February 18, 2011 - Justin's Linklog

It’s pretty common for apps to require “configuration” — external files which can contain settings to customise their behaviour. Ideally, apps shouldn’t require configuration, and this is always a good aim. But in some situations, it’s unavoidable.

In the abstract, it may seem attractive to use a fully-fledged programming language as the language to express configuration in. However, I think this is not a good idea. Here are some reasons why configuration files should not be expressed in a programming language (and yes, I include “Ruby without parentheses” in that bucket):

Provability

If a configuration language is Turing-incomplete, configuration files written in it can be validated “offline”, ie. without executing the program it configures. All programming languages are, by definition, Turing-complete, meaning that the program must be executed in full before its configuration can be considered valid.

Offline validation is a useful feature for operational usability, as we’ve found with “spamassassin –lint”.

Security

Some configuration settings may be insecure in certain circumstances; for example, in SpamAssassin, we allow certain classes of settings like whitelist/blacklists to be set in a users ~/.spamassassin/user_prefs file, while disallowing rule definitions (which can cause poor performance if poorly written).

If your configuration file is simply an evaluated chunk of code, it becomes more difficult to protect against an attacker introspecting the interpreter and overriding the security limitations. It’s not impossible, since you can, for instance, use a sandboxed interpreter, but this is typically not particularly easy to implement.

Usability

Here’s a rather hairy configuration file I’ve concocted.

    #! /usr/bin/somelanguage
    !$ app.status load html
    !c = []
    ;c['sources'] = < >
    ;c['sources'].append(
        NewConfigurationThingy("foo_bar",
            baz="flargle"))
    ;c['builders'] = < >
    ;c['bots'] = < >
    !$ app.steps load source, shell
    ;bf_mc_generic = factory.SomethingFactory( <
        woo(source.SVN, svnurl="http://example.com/foo/bar"),
        woo(shell.Configure, command="/bar/baz start"),
        woo(shell.Test, command="/bar/baz test"),
        woo(shell.Configure, command="/bar/baz stop")
        > );
    ;b1 = < "name": "mc-fast", "slavename": "mc-fast",
                 "builddir": "mc-fast", "factory": ;bf_mc_generic >
    ;c['builders'].append(;b1)
    ;SomethingOrOther = ;c

This isn’t actually entirely concocted from thin air — it’s actually bits of our BuildBot configuration file, from before we switched to using Hudson. I’ve replaced the familiar Python syntax with deliberately-unfamiliar made-up syntax, to emulate the user experience I had attempting to configure BuildBot with no pre-existing Python knowledge. ;)

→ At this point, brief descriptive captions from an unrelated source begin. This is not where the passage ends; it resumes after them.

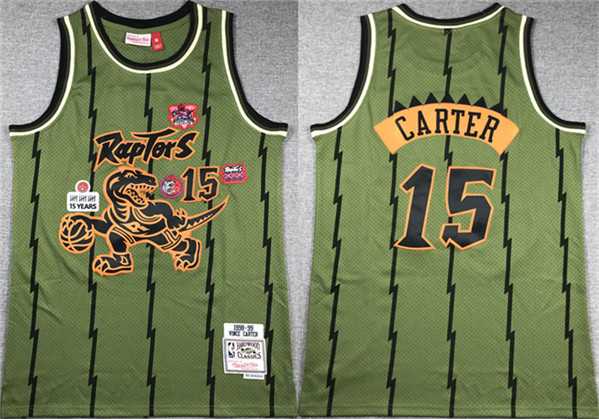 Men%27s Toronto Raptors #15 Vince Carter Green 1998-99 Throwback Stitched Jersey Mixiu->seattle supersonics->NBA Jersey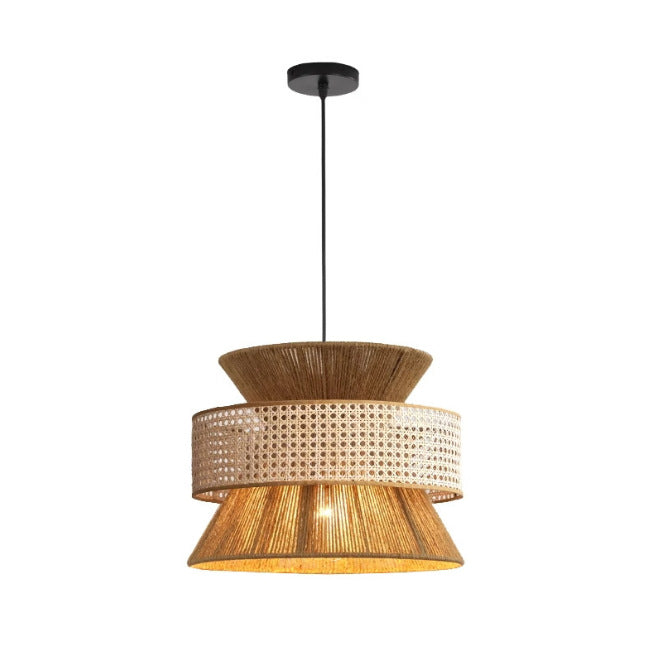 Hanging Lamp Woven Natural Fiber Metal | High & Bury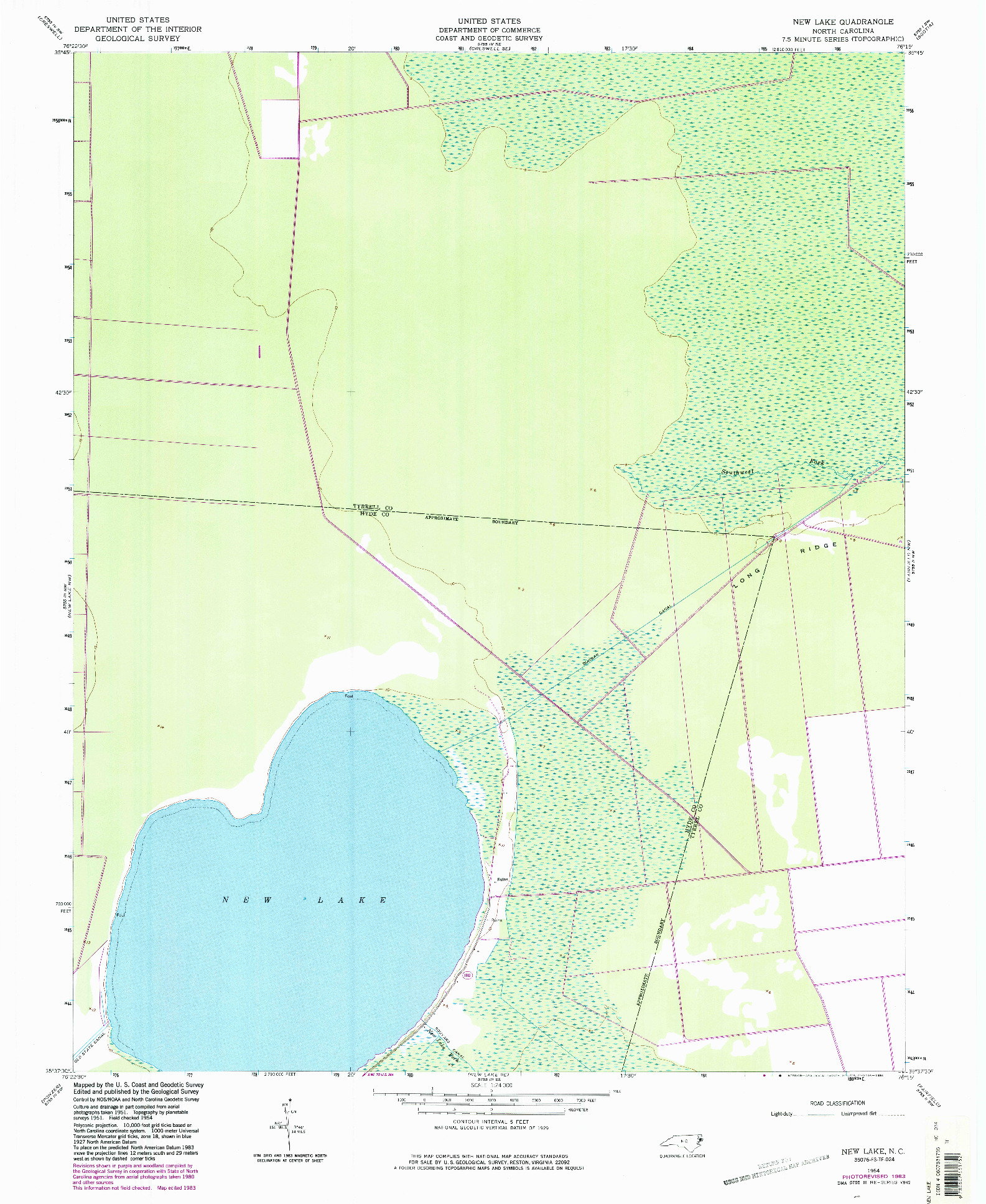 USGS 1:24000-SCALE QUADRANGLE FOR NEW LAKE, NC 1954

Compare with this re-stating of the same configuration data in a simplified, “configuration-oriented” imaginary DSL:

add_source NewConfigurationThingy foo_bar baz=flargle

buildfactory bf_mc_generic source.SVN http://example.com/foo/bar
buildfactory bf_mc_generic shell.Configure /bar/baz start
buildfactory bf_mc_generic shell.Test /bar/baz test
buildfactory bf_mc_generic shell.Configure /bar/baz stop

add_builder name=mc-fast slavename=mc-fast
     builddir=mc-fast factory=bf_mc_generic

Essentially, I’ve extracted the useful configuration data from the hairy example, discarded the symbology used to indicate types, function calls, data structure construction, and let the configuration domain knowledge imply what’s necessary. Not only is this easier to comprehend for the casual reader, it also reduces the risk of syntax errors, by simply minimising the number of syntactical components.

See Also

The Wikipedia page on DSLs is quite good on the topic, with a succinct list of pros and cons.

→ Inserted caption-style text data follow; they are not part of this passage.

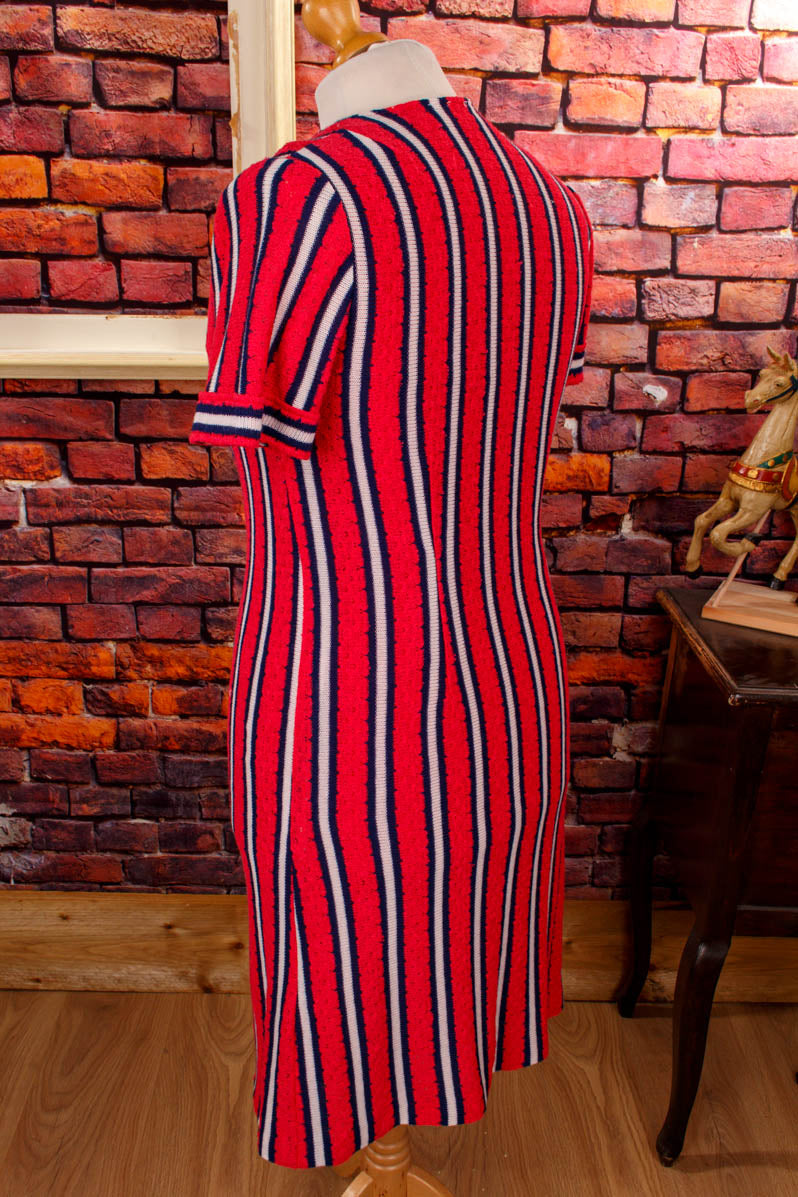 60s Strickkleid pink Streifen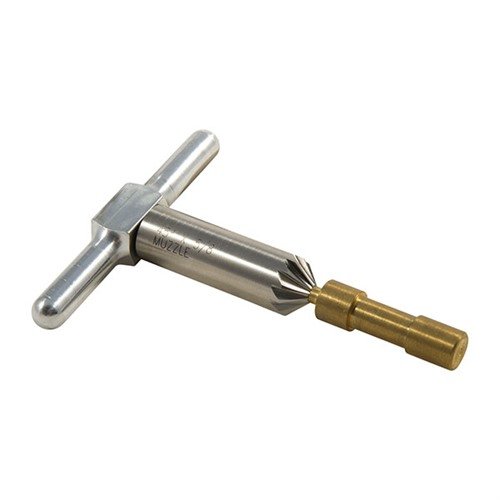 45° chamfering cutter helpottaa tarkkuutta aseissa ja nopeuttaa revolverin lippaiden täyttöä. Mukana leikkuri, kahva ja messinkipilotti.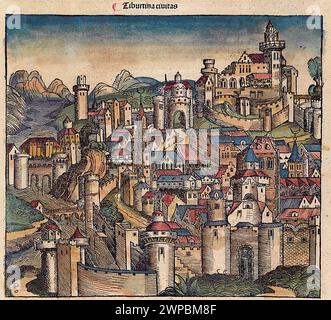 Ein schöner Holzschnitt aus dem Jahr 1493 der Stadt von. Diese Illustration stammt aus der Nürnberger Chronik, die eine Enzyklodpedie über Weltereignisse, Mythologie und christliche Geschichte ist. Dieses außergewöhnliche Werk war eines der frühesten Bücher, die jemals gedruckt wurden und das erste, das erfolgreich Text und Bilder integriert. Stockfoto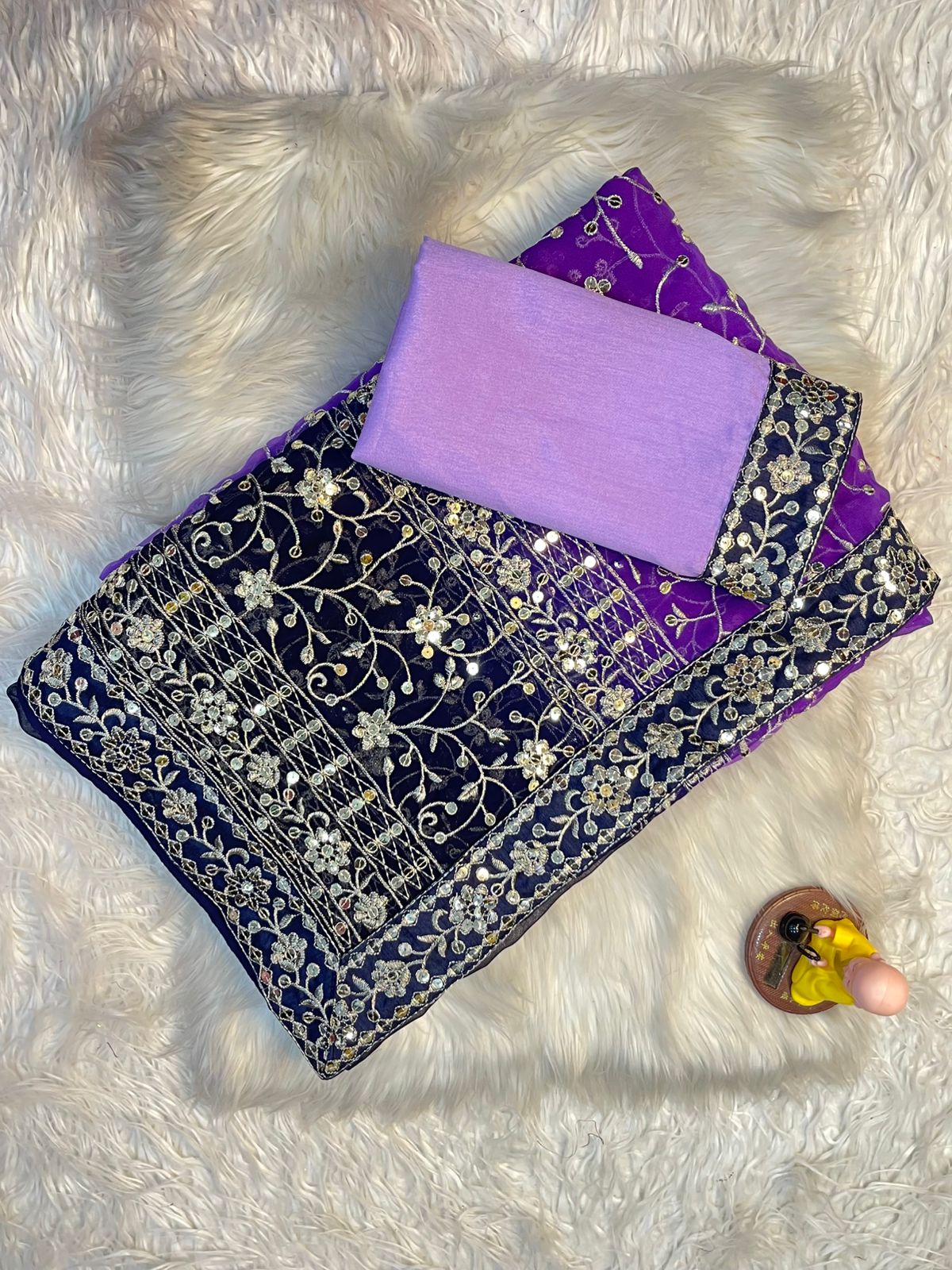 Elegant Georgette Saree with Heavy Sequin & Thread Embroidery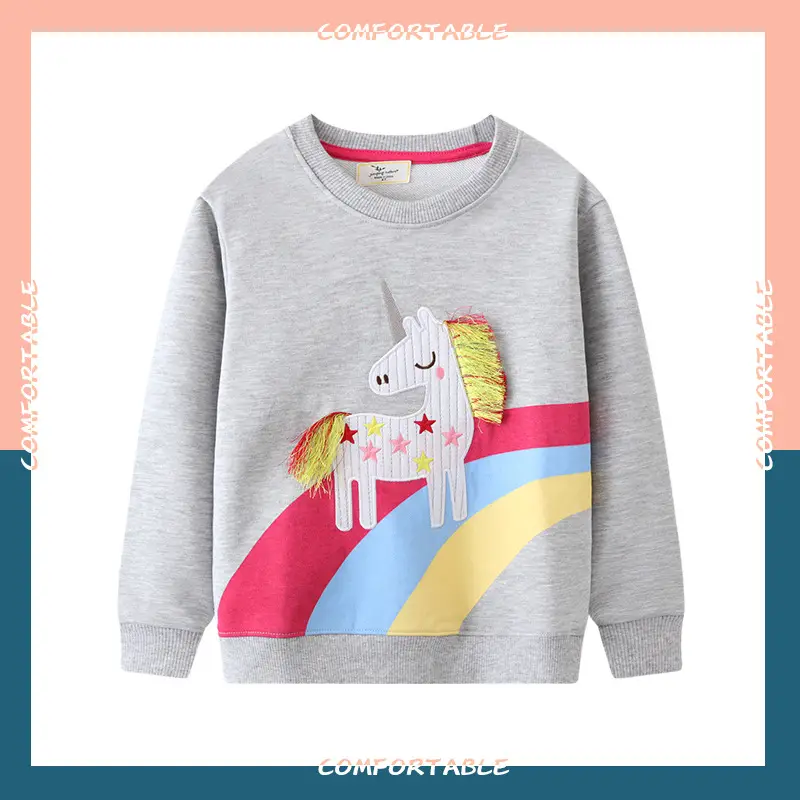 Girls Cartoon Unicorn Sweatshirt Grey Autumn â feature 2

This StackOverflow thread has some good comments — I particularly like this point:

When you need your application to be very “configurable” in ways that you cannot imagine today, then what you really need is a plugins system. You need to develop your application in a way that someone else can code a new plugin and hook it into your application in the future.

+1.

This seems to be a controversial topic — as you can see, that page has people on both sides of the issue. Maybe it fundamentally comes down to a matter of taste. Anyway — my $.02.

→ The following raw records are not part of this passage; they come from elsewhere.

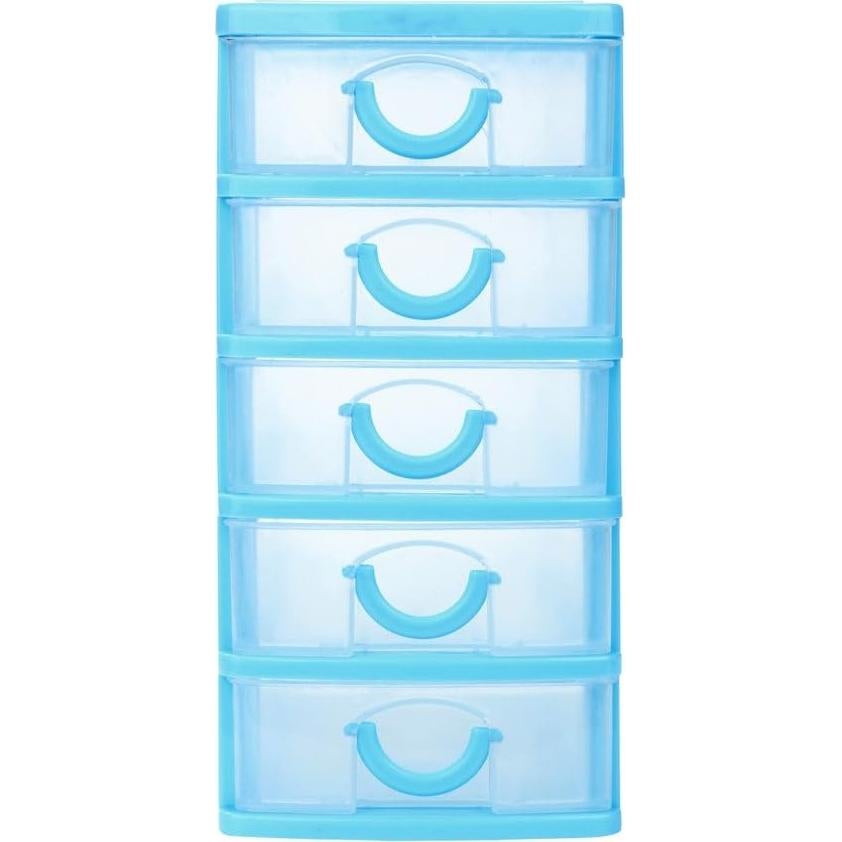 Mini Desk Organizer Desktop Drawer Plastic Drawer Storage Office Supplies Storage Drawers for Organizing Office Desk Accessories File Organizer for Desk Small Drawers Organizer Cute Stuff (Blue XL)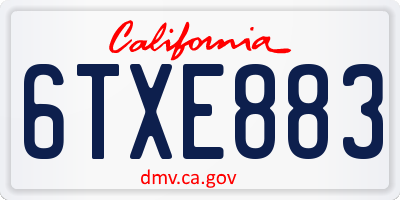 CA license plate 6TXE883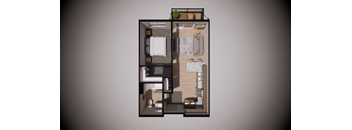A 3D rendered image of a small apartment layout.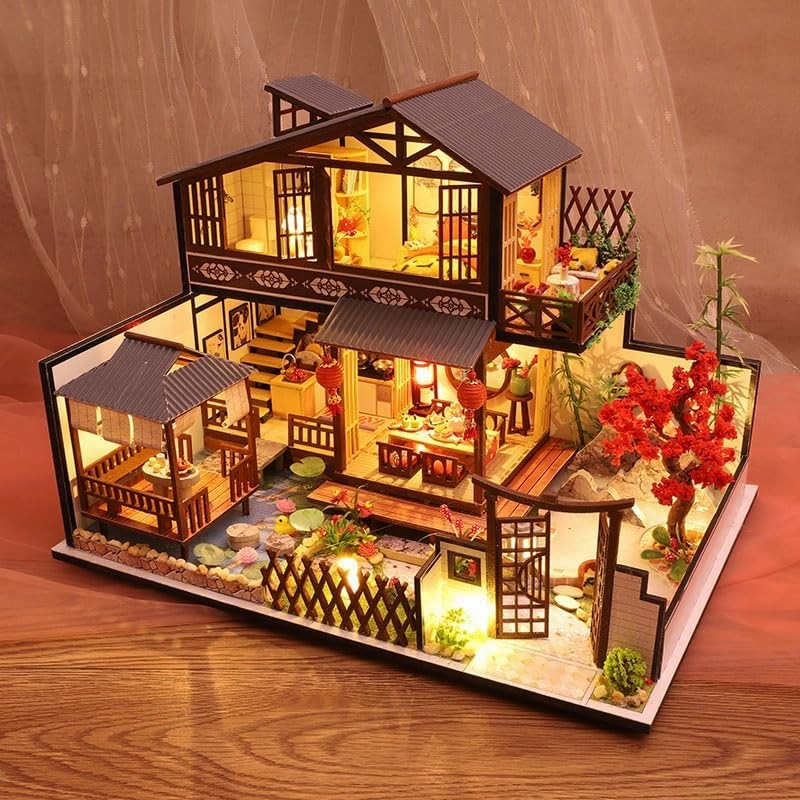 CRIOLPO Courtyard Model, Multi Layer Villa Wooden Dollhouse Kit, DIY Miniature Dollhouse with Wooden Furniture Kit, 1:24 Scale Creative Doll House Toys for Adult, Home DéCor - Linqi Valley Residence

Update: discussions elsewhere: HackerNews

Another Update, 2012-04-06: Robey Pointer wrote a post called Why Config?, in which he describes a Scala-based configuration language in use at Twitter, which uses Scala’s runtime code evaluation, and a Scala trait, to express configuration succinctly in a Scala source file and load it at runtime. The downside? It’s a Scala source file, executed at runtime, containing configuration. :(

However, this comment in the comments section is worth a read:

At Netli (now part of Akamai) we had a configuration framework very similar in spirit and appearance to Configgy. It was in early 2000-s, we open sourced it since. (http://ncnf.sourceforge.net/). It would provide on-the-fly reload for the C-based programs (the ncnf if a C library). It also had some perks like attribute inheritance and a concept of block references. Most importantly though, it contained a separate schema language and a validator to allow configuration be checked before pushing in production. At Netli we used it to configure 1200 services on over 400 hardware boxes, the configuration becoming about 20+mb in length (assembled from several pieces by the CPP, then M4 templating library).

Naturally, it wasn’t Netli’s first attempt at doing configuration. One of the first attempts failed since it was Turing-complete. That approach was to specify the configuration as a Perl data specification. In a very short time the lure of unused expressiveness of such Turing-complete environment prevailed and people started to write for-loops around data pieces and doing other tricks to remove redundancy from the configuration. It turned out to be a disaster in the end, with configuration becoming unmaintainable and flaky.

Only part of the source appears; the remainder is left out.